Viernes, 2 diciembre, 2016

El señorío del Real Madrid
El señorío del Real Madrid

El señorío del Real Madrid

Tanto Jose Mourinho como Jorge Valdano poseen una personalidad arrolladora. Muy diferente, pero a la hora de la verdad igual de efectiva para defender los intereses del Real Madrid. A Valdano se tiende a infravalorarle, quizá porque no levanta la voz, pero siempre tiene la palabra justa para abordar cualquier problema y buscar la solución. Su talante dialogante coincide con la imagen que Florentino Pérez quiere dar del club. Por eso el presidente fue a buscarle en su segunda etapa después de que Jorge le dejara abandonado en la primera. Valdano es mucho Valdano y para el presidente interpreta un papel vital de pararayos. De hecho, el papel que Valdano tiene reservado en la obra del Real Madrid es el más importante después del que le toca al presidente.
Se ha dicho que Mourinho y Valdano están enfrentados. Incluso se ha asegurado que Mou ha llegado a plantear la disyuntiva de “o yo o él”. Nada más lejos de la realidad. Pueden defender criterios diferentes, pero no están enfrentados. Es normal que, por ejemplo, el entrenador quiera fichajes en el mercado de invierno. Tan normal como que el director general piense que la plantilla está más que cubierta. Cada uno cumple su papel. Y es bueno para el Real Madrid que se produzca la disparidad de criterios, porque de ahí sólo puede salir la luz que guíe el futuro del club.
Quienes quieren mal al Real Madrid se entretienen afirmando que Mourinho perjudica con su actitud a la imagen del club. Se equivocan, el madridismo ha hecho de Mourinho un ídolo. Él es el auténtico símbolo de la plantilla actual, porque el socio de a pie lleva años esperando la llegada de alguien como él, capaz de defender a su club ante los árbitros, entrenadores o jugadores rivales o de denunciar a pecho descubierto cualquier cacicada de la UEFA. El madridismo reclamaba eso, un tío con narices.

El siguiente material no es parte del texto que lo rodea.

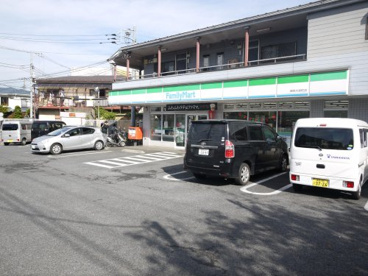 ファミリーマート 練馬大泉町店の画像1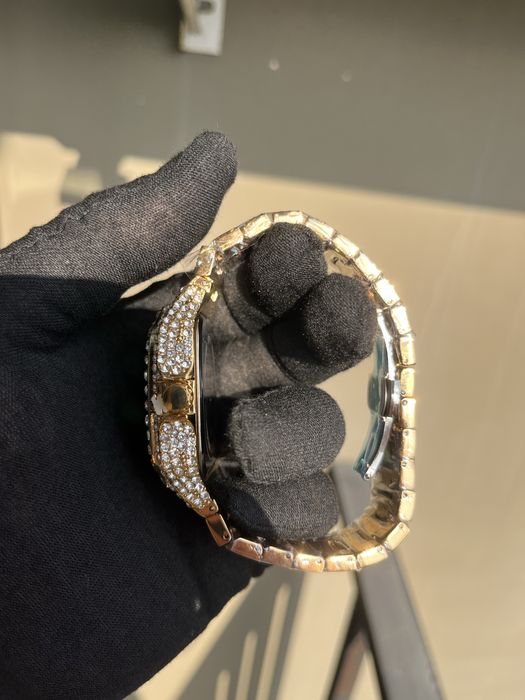 Унисекс часовник НАМАЛЕН!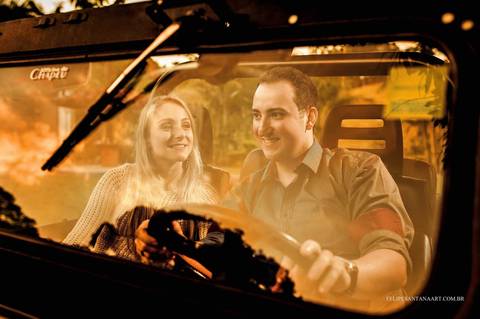 Fotógrafo de Cataguases Felipe Santana Fotografia, fotografia de Pré Casamento, casal se divertindo, casal feliz'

No es que el estilo Valdano haya dejado de tener validez, pero sí es cierto es que el madridismo de base se siente mucho más identificado con el talante de quien canta las cuarenta al primero que se pone delante.

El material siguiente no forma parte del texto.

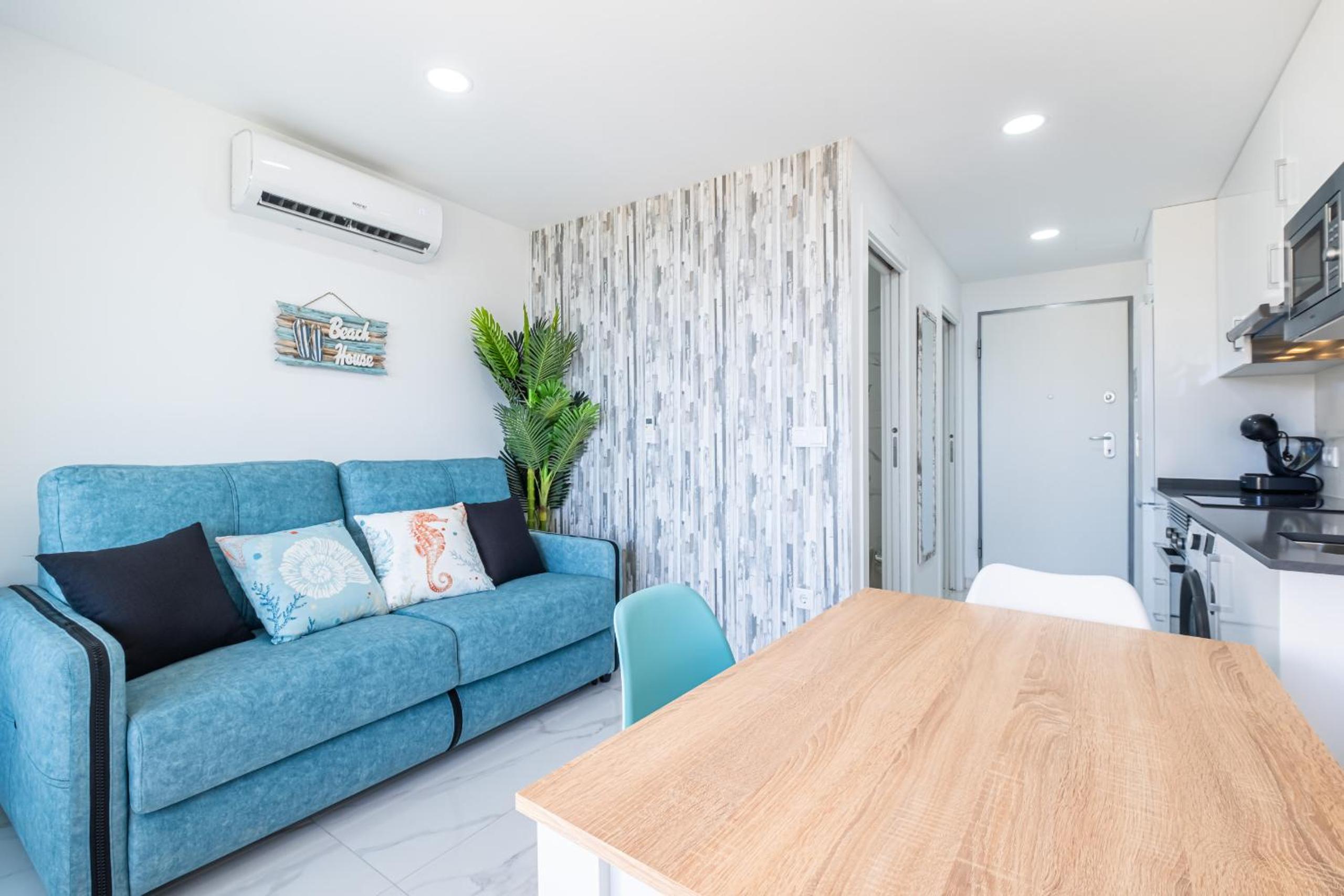 Apartamento de una habitación con vista al mar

Además, el señorío de un club centenario como el Real Madrid no se puede medir por el comportamiento y las declaraciones de una persona. Eso hay que demostrarlo a todas horas, como ha sucedido en el Madrid durante sus más de cien años de existencia. Y eso, que es un patrimonio histórico del club, no lo puede echar por tierra ni Mourinho ni nadie.
Pero es que además ese estilo directo y desacomplejado,no lo ha inventado Mourinho en el Madrid. Así era Di Stéfano, así era Juanito, así era Hugo Sánchez, mitos que han pasado a la historia del club en la categoría de símbolos. Estos tres y otros muchos cimentaron el señorío del club a base de personalidad. ¿Y Don Santiago Bernabéu? ¿Alguien puede dudar de su señorío? Pues Bernabéu es el autor de aquella famosa frase: “Amo y estimo a Cataluña a pesar de los catalanes”. Eso lo dice Mourinho ahora y le vienen a buscar los “mossos d´esquadra”.  Y como Bernabéu hubo otros, presidentes populistas y ácidos cuando tocaba, como Ramón Mendoza o Lorenzo Sanz, por no remontarnos más atrás en la historia.

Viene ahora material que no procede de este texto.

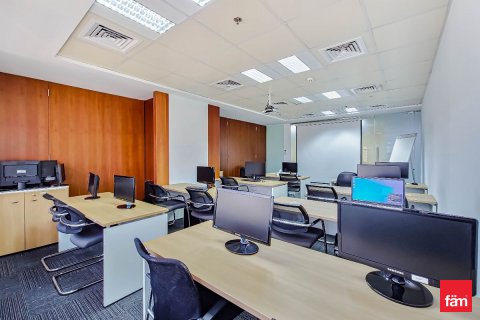 Office in Dubai, UAE 1128.4 sq.m. № 694373 - photo 11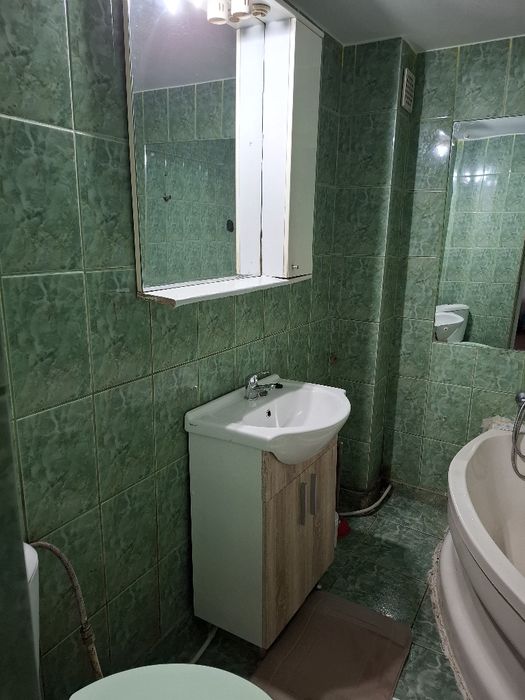 Închiriez  apartament  2 camere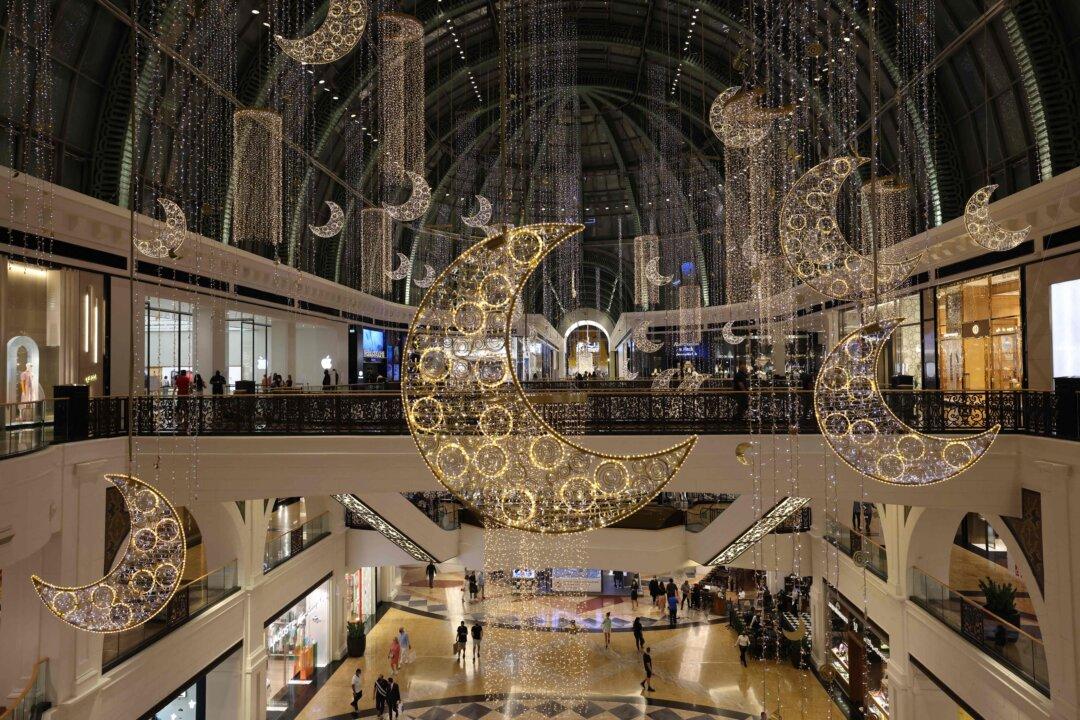 Emirati Mall, Supermarket Billionaire Majid Al Futtaim Dies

El señorío no se mide por una frase más o menos afortunada. El señorío son detalles, actitudes, una línea de comportamiento… Y cuando uno eleva el tono de su voz un día para quejarse de una injusticia no necesariamente está poniendo en peligro el señorío de su club. Y eso lo entienden muy bien en Barcelona. Allí Guardiola dice cosas, alguna de ellas muy gordas, pero nadie le cuestiona su señorío ni a él ni al Barça. Con el Madrid parece que hay bula y todo el mundo se atreve.